Time for a World Summit

Why...

Do people go to Davos? The question I pose is why Davos as a place, not why a bunch of billionaires and centi-millionaires congregate somewhere to discuss the plight of the working class! Call me stupid but last time I checked Davos is a ski resort. Clearly it would be electoral suicide for a Political bigwig to go there and be filmed enjoying a convivial après ski drink or a couple of runs down the mountain before breakfast… unless you are Putin when it’s more likely your opponents keep committing suicide. However whilst I understand that G10, G20, GSpot or whomever dutifully rotate the choice of a city between members for their get-togethers, who on earth said: “I know, let’s disrupt an entire ski resort in high season, fly a bunch of Politicians and plutocrats into a snow storm and add in a battalion of security guards and flunkies. Oh and the world’s press. Yup, we can shoehorn them somewhere that is dedicated to fun and frivolity and pretend it’s somewhere to save the world”. Whoever that someone was, is a genius and I assume is making a bundle of money out of this.

...and another thing

So I propose to have the Bora Bora Beano to discuss plastics in the sea, the Rio Rendezvous for drug abuse and the Cala de Volpe Conclave in Sardinia for a chinwag on organised crime.

...and another thing

Having been to Cannes for TV, Film and Music Festivals I speak with some authority on conferences.
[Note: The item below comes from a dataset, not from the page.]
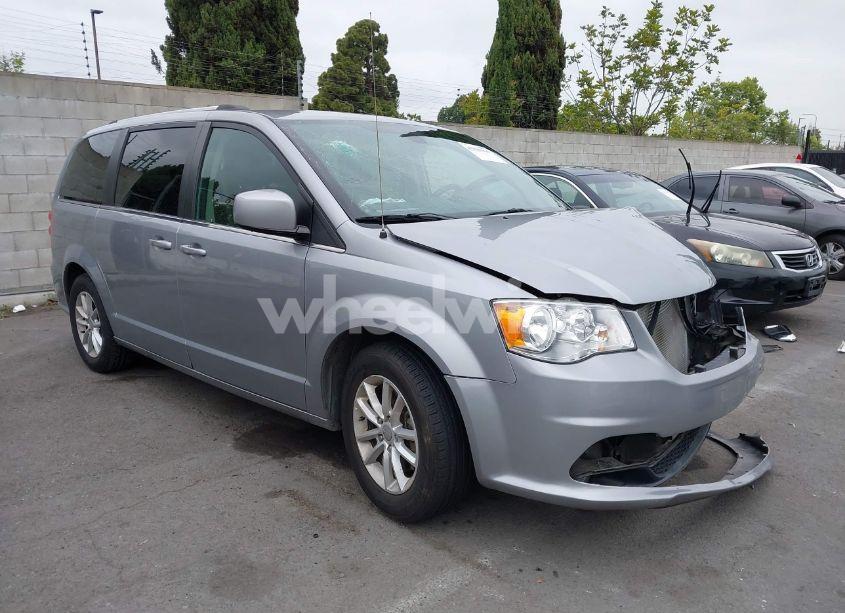 2019 Dodge Grand CARAVAN SXT (VIN 2C4RDGCG6KR754073) main photo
Essentially they are an excuse for middle aged men to chat up impressionable young women, charge expense accounts with well-known restaurants called Gucci, Prada and Cohiba, run up massive bills with car hire company Dolce and Gabana and lob in a bill for stationary from La Perla.

I challenge anyone to show me the cost of sending a bunch of corporate execs for five years to one of these shindigs costs less than sending a couple of people around the world first class to visit each client, present them with a diamond studded belly button brush or vicuña cod pieces and treat them to a bath of champagne and a vigorous massage of beluga caviar. It doesn’t. Nearly all conferences are a massive waste of time and money. Unless of course you are a participant and it’s a hoot.

Believe me the only people who make real dough are restaurants, hotels, designers of stands and doctors on 24 hour call to treat a mild case of the clap or a nose bleed from a cocaine overdose.